Dan Courtney, a 52-year-old mechanical engineer, said he asked the town of Greece right after the 5-4 decision in May for an opportunity to deliver the “non-theist” message.
The court’s conservative majority declared the prayers in line with national traditions and said the content is not significant as long as the prayers don’t denigrate non-Christians or try to win converts. The town argued persons of any faith were welcome to give the invocation.
Courtney said his request was granted without question and Tuesday’s 6 p.m. meeting was the first open slot.
Town supervisor William Reilich said Monday a variety of views have been represented during invocations, citing the instance of a pagan Wiccan for one.“It’s not unusual that we have diversity,” he said. “It’s whoever comes up from the community.”

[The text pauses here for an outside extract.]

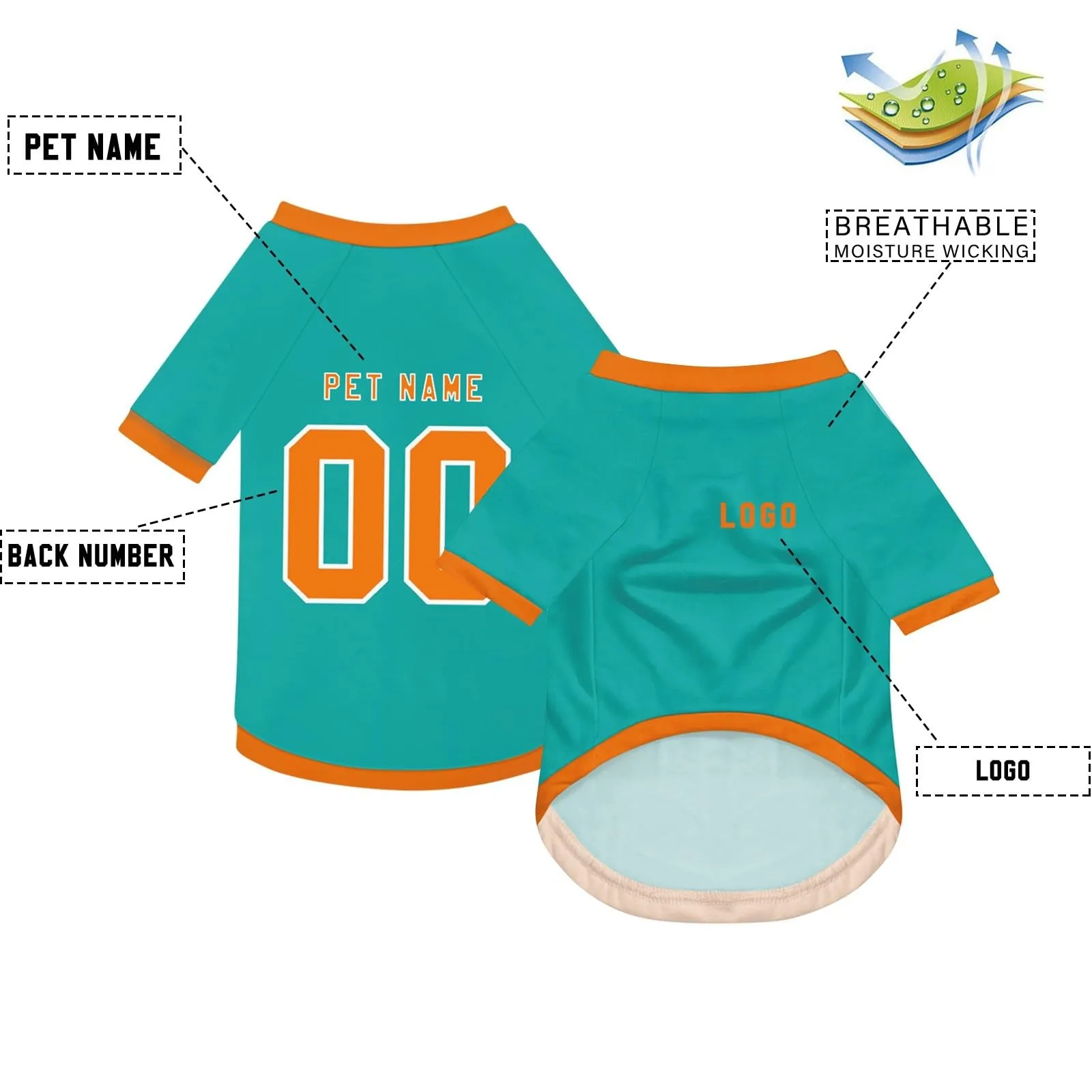Camicia da cane semplice per cani di piccola, media e grande taglia Maglia da calcio per cani personalizzata con nome, numero, logo, maglie sportive personalizzate per animali domestici A12 - immagine 3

Courtney, a member of Atheist Community of Rochester, said he is an acquaintance of Linda Stephens, also an atheist, who along with Susan Galloway was a plaintiff in the case challenging the town meeting prayer. They said the Christian prayers made them uncomfortable. Every meeting from 1999 through 2007 had been opened with a Christian-oriented invocation.
A day after the court decision, Stephens and Galloway, who is Jewish, said they would continue to push the board to be more inclusive and hoped to see atheists among those leading the moment of prayer that follows the Pledge of Allegiance.